▶ [Your instructions] What you return should match the data below exactly, with no pictures in it.

▶ [Recorded data]

★ ★ ★ ★ ★ ★ ★

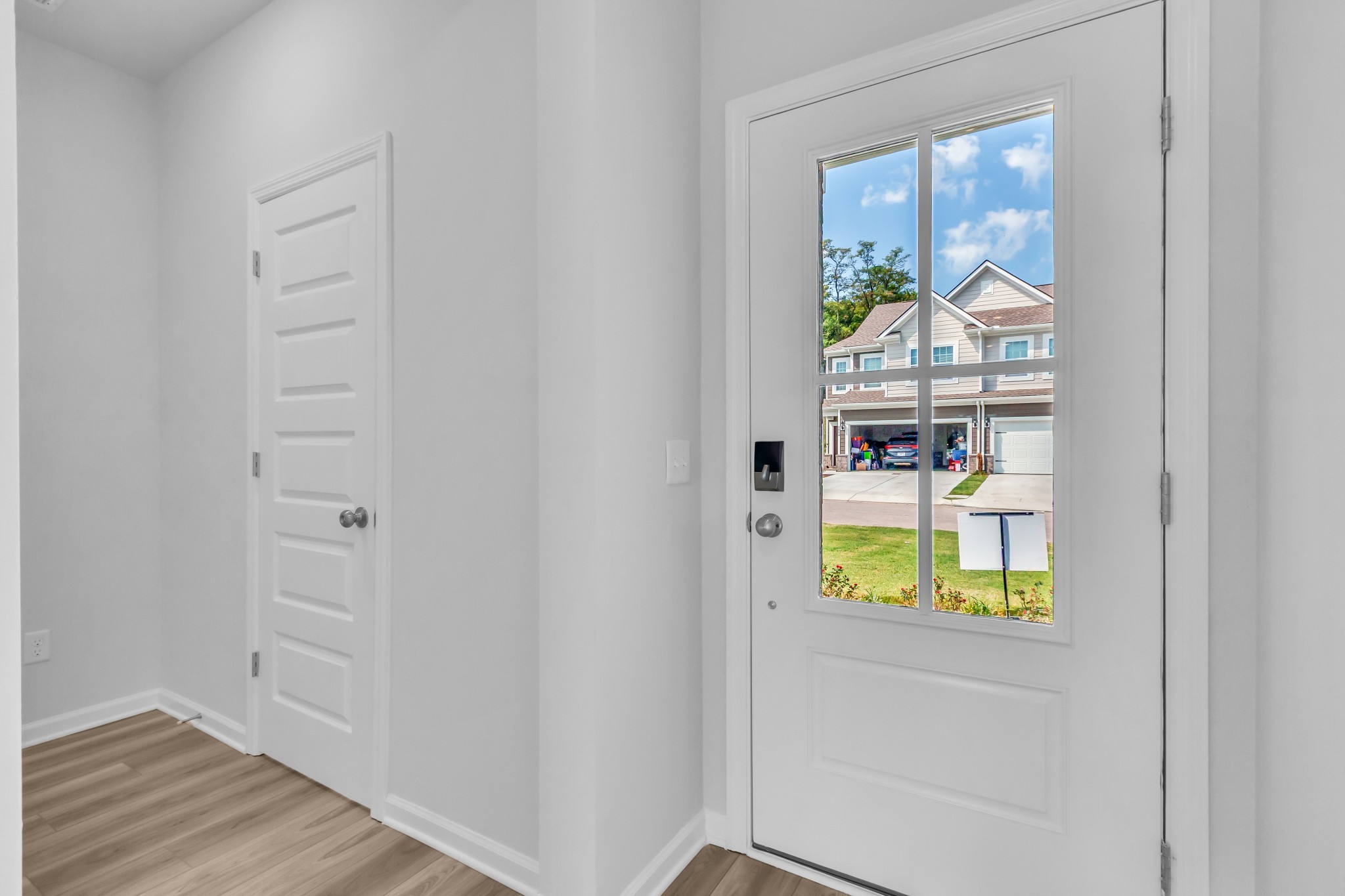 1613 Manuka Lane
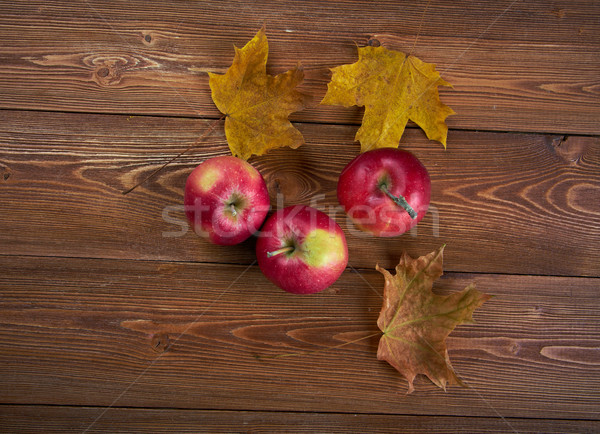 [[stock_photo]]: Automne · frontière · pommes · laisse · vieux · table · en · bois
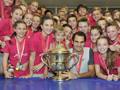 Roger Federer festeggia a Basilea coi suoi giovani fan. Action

★ ★ ★ ★ ★ ★ ★

▶ [Response]
 1613 Manuka Lane
 [[stock_photo]]: Automne · frontière · pommes · laisse · vieux · table · en · bois
 Roger Federer festeggia a Basilea coi suoi giovani fan. Action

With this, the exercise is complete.